Line 378-379: The great concentraion was located in BTH, which averaged AOD peak values was 0.44, 0.68, 0.48, 0.52, respectively it is incoherent. respect to what???

Lines 391 : emssion  emission

Line 398-400: “A high GHGs emssion pathway induced to decreased PBLH that would further had connection with inceased air pollution through vertical mixing.”   emission, decrease, have further, increased

and much more!!!!

 

The authors should also reconsider the information state in the Introduction. The author just put some inconsistent and non-relevant text together. Furthermore, they reference studies that have compared different scenarios in their studies, but without any information about the relevance of those studies to their comparison and evaluation. For example, on page 2 line 63-67, the authors state that “Yahya et al. (2017) used WRF-Chem to project the climate and air quality in the U.S from 2046 to 2055 in the RCP4.5 and RCP8.5 scenarios [16]. Gao et al. (2021) applied CESM (NCAR's Community Earth System Model) to analyze the differences in aerosol concentrations and annual variations in the RCP2.6, RCP4.5 and RCP8.5 66 scenarios, respectively [17] . . .”, but do not provide information about the major findings of these studies or at least the information from these studies that is relevant to their own.

 

I highly recommend that the author also rewrite the result sections, especially section 4. The authors pointlessly extract just lots of unimportant and redundant number and statics that are easily can be reached out at the figures as well, in many paragraphs. They do not provide an appreciated explanation for any single result. To justify a publication, it would be necessary to concentrate on few new outcomes, which has not yet been done consequently. Therefore, I recommend revising the manuscript in order to highlight and analyze main valuable results that have so far not discussed in previous publications together with interpretation of the outcome.

 

General questions:

In Figures 6 and 7, differences of the predicted AOD and concentration of PM2.5 whether between the two simulations using RCP8.5 and RCP4.5 scenarios (the fifth row) or simulations for the future scenarios and historical period (the second and furth rows) are absolutely small against the average predicted AOD and concentration of PM2.5 (the first or third rows). How can the author conclude whether two model simulations are significantly different from one another? In other words, are the difference in mean value of the two data set statistically significant in comparison with the variance between the data in two series from their respective means? I highly encourage the author, for making their results reliable, to perform a statistical practice using Two-tailed t-test (inspired by Hedegaard et al., 2008- https://doi.org/10.5194/acp-8-3337-2008).

Can the author explain why the model predict the planetary boundary layer height different for two scenarios (Figure 9, row3)?

Author Response

Please see the attachment.

Author Response File: Author Response.docx

Round 2

Reviewer 2 Report

The authors did a good job improving the manuscript.
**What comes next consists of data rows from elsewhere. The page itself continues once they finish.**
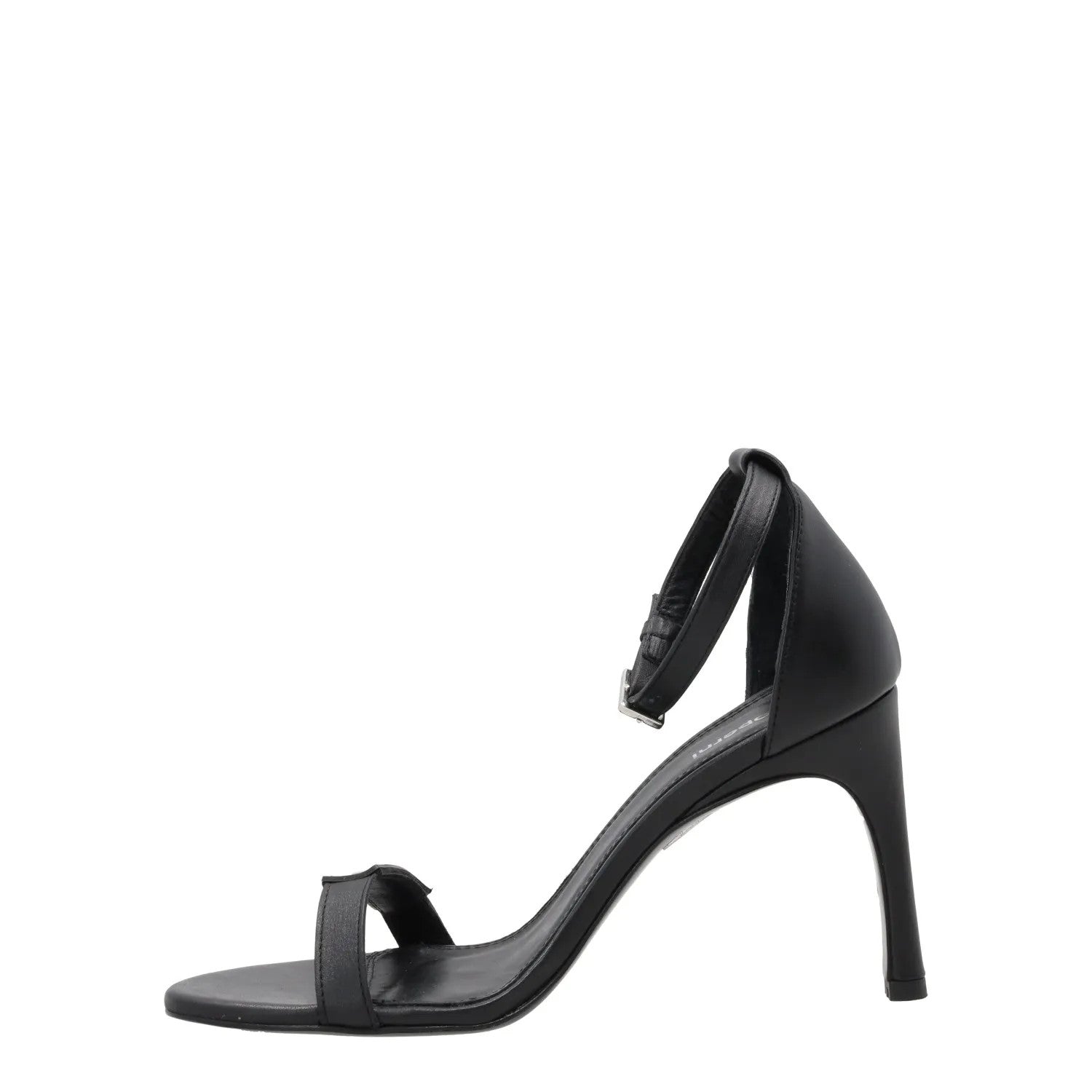 COPERNI Womens Skinny Strap Logo Sandals Leather Formal Heeled Black EU36 RRP450 — View 5
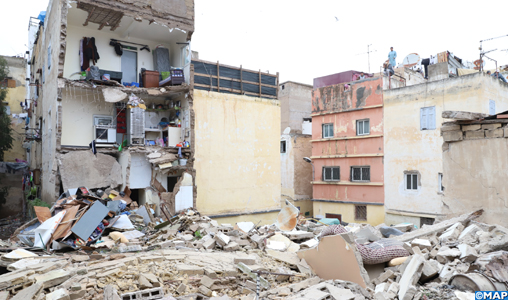 Casablanca: effondrement d’une maison menaçant ruine et inoccupée à l’ancienne médina (autorités locales)
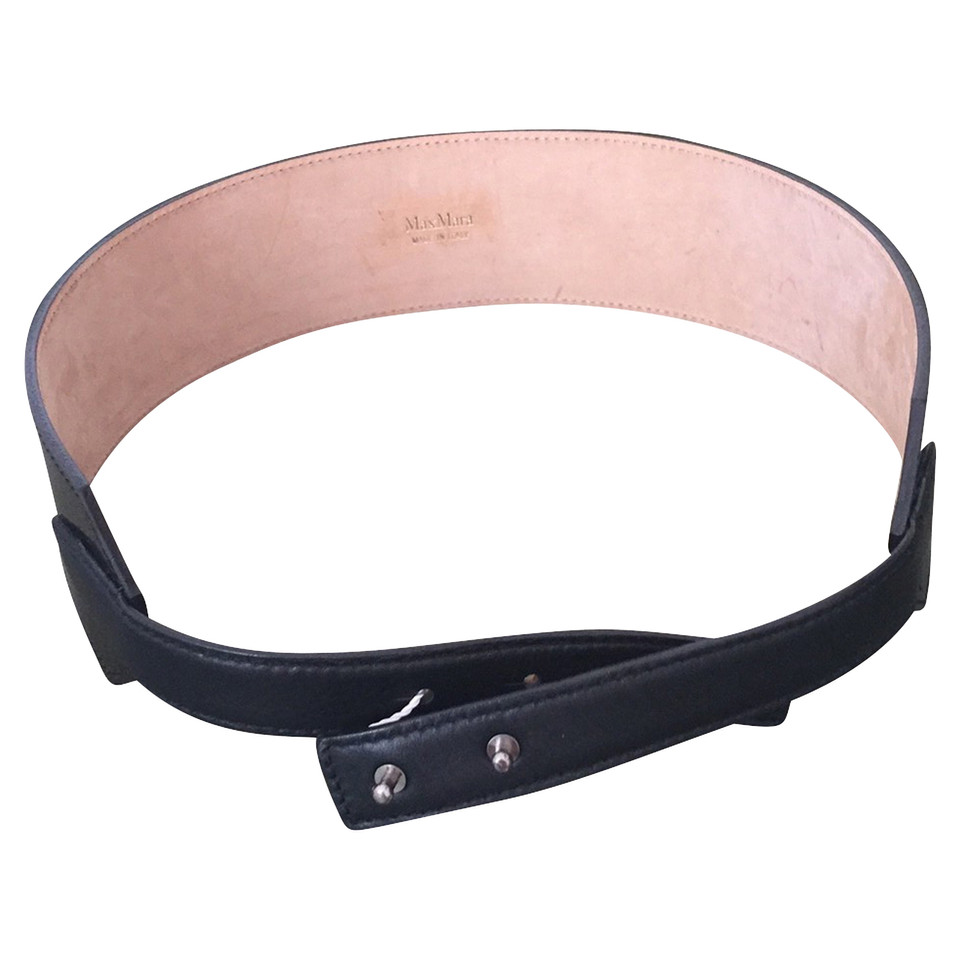 Max Mara Belt in paint and leather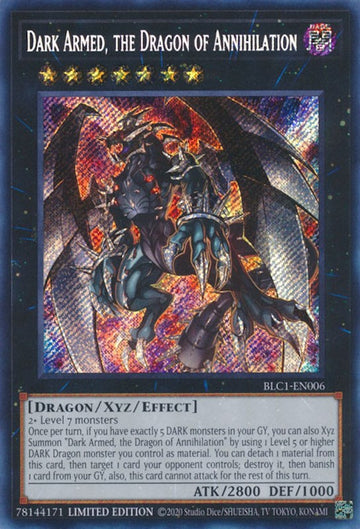 Dark Armed, el Dragón de la Aniquilación [BLC1-EN006] Secreto Raro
However, I feel that the manuscript needs a language check or proofreading. At some parts, the manuscript is too wordy and could be shortened.

Reviewer 3 Report

The authors have tried to address the comments raised and incorporated them in the revised manuscript, especially with clarification and discussion of the results. Overall, I think the manuscript merits publication and could be useful for the rest of the scientific community.